第51話正人
3台の車が規制線を越えマンション地下駐車場へ消えて行く
周りからは警察関係車両には見えている
番場「いいか…絶対に情報を漏らすな」
火災現場マンション地下で番場は警察 消防関係 マンション警備などに指示をしている
本来なら緊急災害対策本部は地震 津波 原発危機などで設置される
マンション1室の火災レベルでは あり得ない… 著しく異常かつ激甚な災害が発生ではない…いわば職権乱用 …独裁とは言え間違った行為だ…

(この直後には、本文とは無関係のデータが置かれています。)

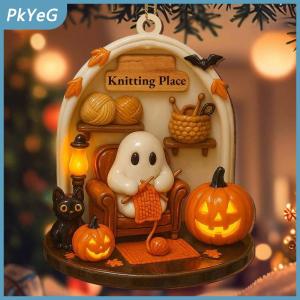 PkYeG Dễ Thương Đọc Ma Halloween Ma Đồ Trang Trí 2D Phẳng Acrylic Mặt Dây Chuyền Halloween Treo Trang Trí Nội Thất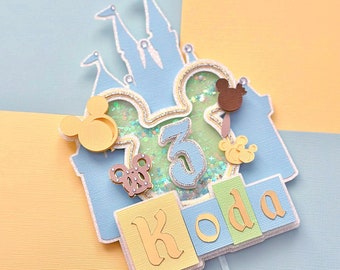 Castle Magic Vintage Retro Park Cake Topper Boy Pastel Blue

番場が口止めしている事を知らない堀田と総理は その頃
「ハァハァハァ」
「ぜぇぜぇぜぇ」
必死に階段を登っていた……ボディーガードも6名 前後3人に3人
「ぜぇぜぇぜぇ…堀田さん…すいませんね…消防用エレベーター使っていいと言われましたが 消火活動の邪魔をするわけにはいけませんから…」
堀田「ハァハァ…入れただけで感謝してます…私だけでも よかったのに わざわざ付き合わなくても…」
「いや…ずっと運動不足だったので ちょうどよかったです…ぜぇぜぇ」
ボディーガードは迷惑そう
「番場さんの言う通り30階から下は問題ないとの事で よかったですね…
それにしても そんなに大切な物が家にあるんですか? 私は物欲なくて なくなって困る物があまりないので…タンス貯金たっぷりあるなら理解出来ますが…ハハハ」
堀田「…………」
ようやく24階に到着
総理ほどでは ないが鍛えてるボディーガードと堀田も少し息が上がっている
ボディーガードの隊長がインカムで番場と やり取りしている
高層マンションの階段やエレベーターは電波が悪くフロアに出て繋がったようだ
「番場秘書から 火災は すでに鎮火したとの事 後は ちょっとした残火からまた再燃することもあり得ますから、消防隊が交代で現場に張り付きます。下層階は すでに安全確保出来てるようです」
「あ〜よかったです…ありがとうございます」
堀田が部屋の鍵を開け電気をつける
「ありがとうございます。コーヒー牛乳はないですが お茶かコーヒー用意しますので 上がってください」
8畳ほどのリビングに案内された
「えっ………………?」
その声に反応して堀田が振り返る
番場と違い表情豊かな彼女が初めて見せる
沈痛な表情…
リビングに入って すぐに視界に入った
遺影……
遺影写真の男性の年齢と彼女の表情で
すぐに理解出来た…父親ではない…
恐らく 旦那さんだと…
焦っていた理由も きっと彼との思い出の品があるのだろう…
堀田「あっ…言ってませんでしたね…
私の夫です…よかったら話しかけてあげてください…」
「あっ…はい」
返事はしたが何も話しかける言葉が見つからない…全く予想していない展開で頭が真っ白…ただ手を合わせるしか出来なかった…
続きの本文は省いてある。